We’re no longer reacting blindly. We’re no longer forcing ourselves into change through pressure or shame. We’re using what we’ve named and what we’ve understood to build outcomes that are stronger, healthier, and more supportive over time.
This is how insight becomes embodiment.
This is how reflection becomes movement.
This is how real change begins.
Language gives us the words.
Awareness gives us the context.
Action gives us the way forward.
When these three work together, change stops feeling like something we have to force and starts feeling like something we can participate in.

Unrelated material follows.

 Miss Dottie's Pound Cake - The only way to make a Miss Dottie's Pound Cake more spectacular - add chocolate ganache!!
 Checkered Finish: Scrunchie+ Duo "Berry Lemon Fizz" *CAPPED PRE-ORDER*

We’re no longer reacting blindly or repeating the same cycles out of habit. We’re responding with intention, clarity, and care.
This is the work I’ve been building toward across all of these paths. Not quick fixes or urface-level insight. But a way of working with yourself that honors your inner landscape, understands its history, and supports real, sustainable movement forward.
So here’s my invitation to you.
If it feels supportive, I’d love for you to share in the comments:
A SMART action you’re working with right now, or
Something you’ve recently named or become aware of that shifted how you see yourself, or
Even just one word that describes what you’re noticing after reading this.
There’s no right way to respond. Share only what feels safe and true for you.
Change doesn’t begin with doing more.
It begins with understanding differently.
From that place, even the smallest step counts.